EXERCISE DETAILS: From the line with "istock Smiling happy" to the line with "Policías vigilan a", output every line below exactly, both ends included. Skip the pictures.

──────── GIVEN DATA ────────

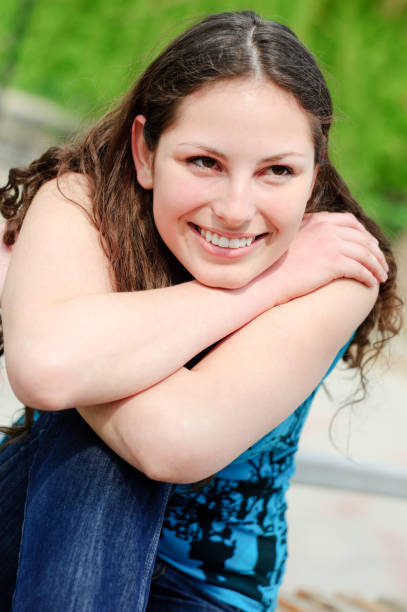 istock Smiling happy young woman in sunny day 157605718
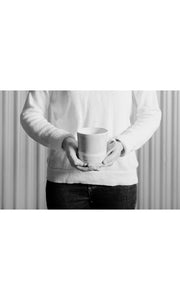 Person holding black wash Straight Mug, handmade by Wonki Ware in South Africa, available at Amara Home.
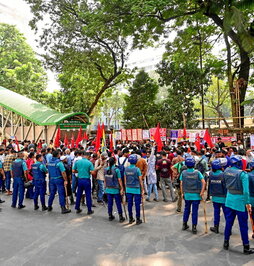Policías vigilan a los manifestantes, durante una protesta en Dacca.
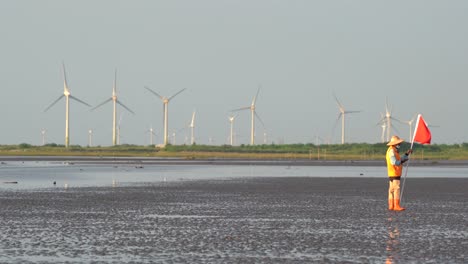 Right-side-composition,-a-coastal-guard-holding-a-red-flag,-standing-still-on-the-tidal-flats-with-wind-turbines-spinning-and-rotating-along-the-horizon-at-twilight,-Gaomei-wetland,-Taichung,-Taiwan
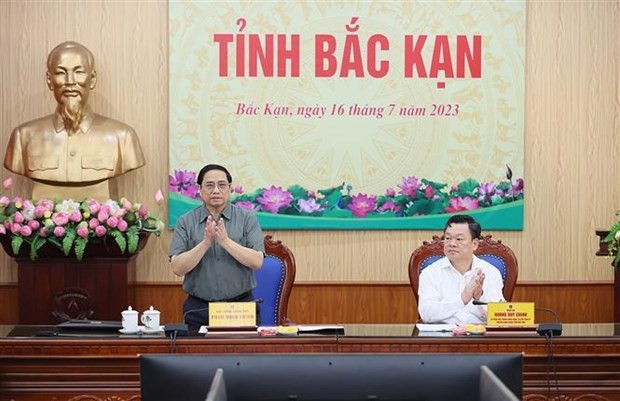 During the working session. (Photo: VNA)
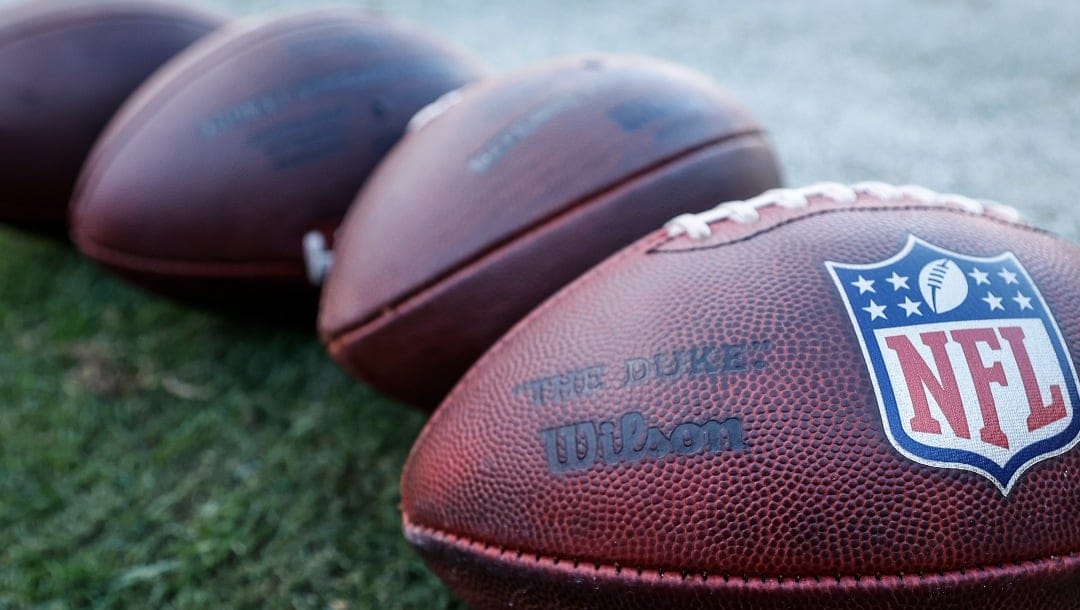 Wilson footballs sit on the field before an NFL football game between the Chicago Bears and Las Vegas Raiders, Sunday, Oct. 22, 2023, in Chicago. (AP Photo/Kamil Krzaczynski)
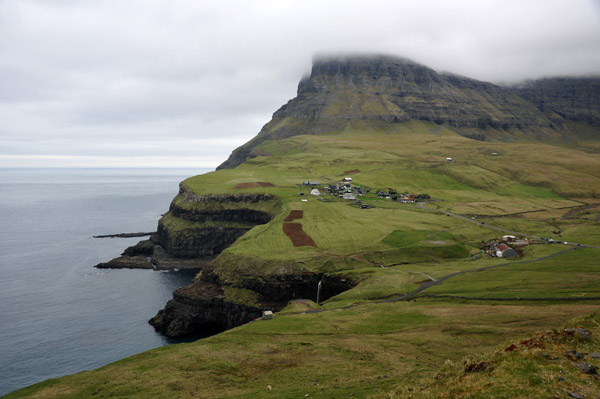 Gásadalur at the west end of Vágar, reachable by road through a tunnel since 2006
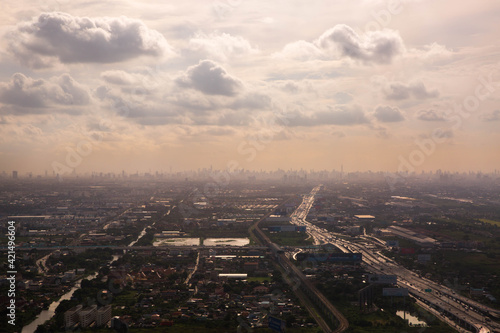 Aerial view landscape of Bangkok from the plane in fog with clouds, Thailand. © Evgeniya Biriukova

────────
──────── GIVEN DATA ────────

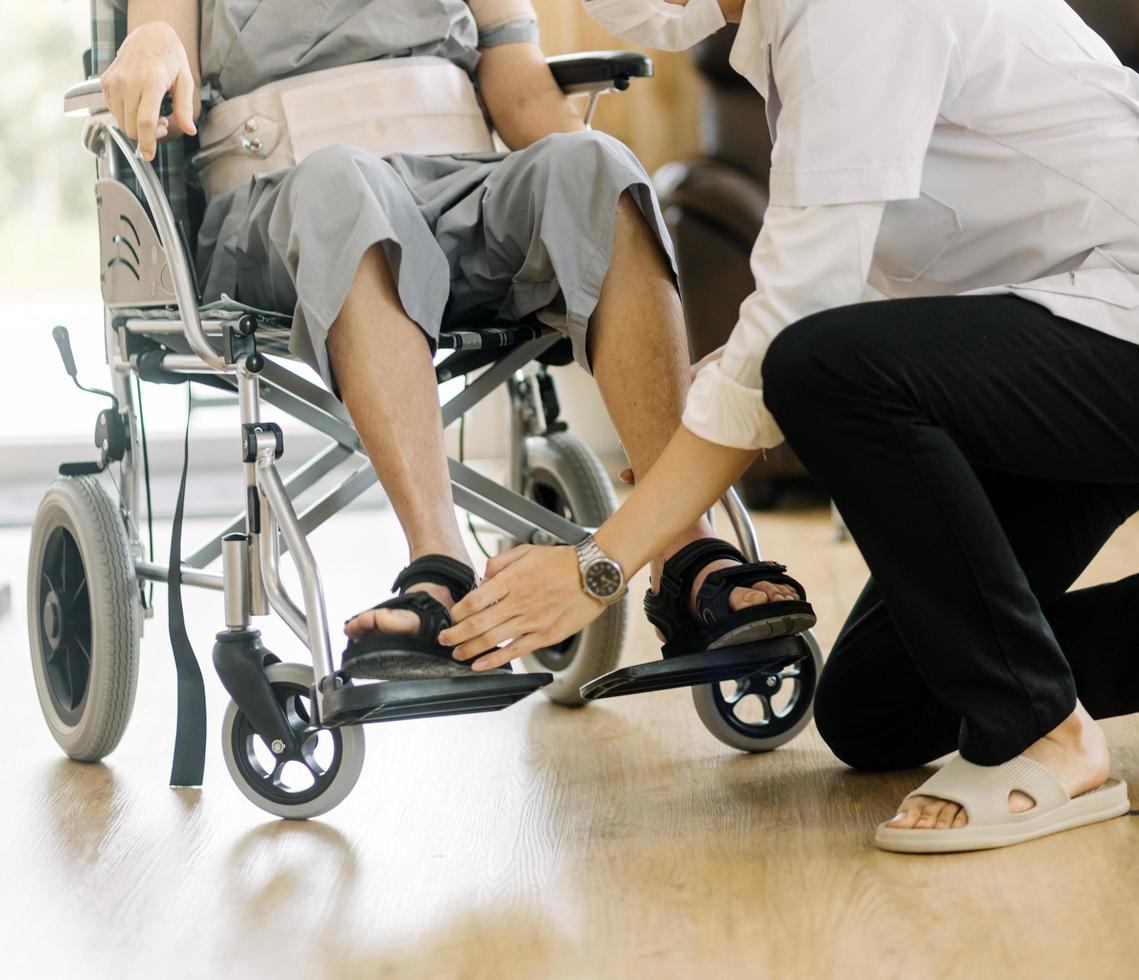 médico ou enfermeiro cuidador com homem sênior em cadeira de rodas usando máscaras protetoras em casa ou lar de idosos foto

────────

YOUR RESPONSE:
 istock Smiling happy young woman in sunny day 157605718
 Person holding black wash Straight Mug, handmade by Wonki Ware in South Africa, available at Amara Home.
Policías vigilan a los manifestantes, durante una protesta en Dacca.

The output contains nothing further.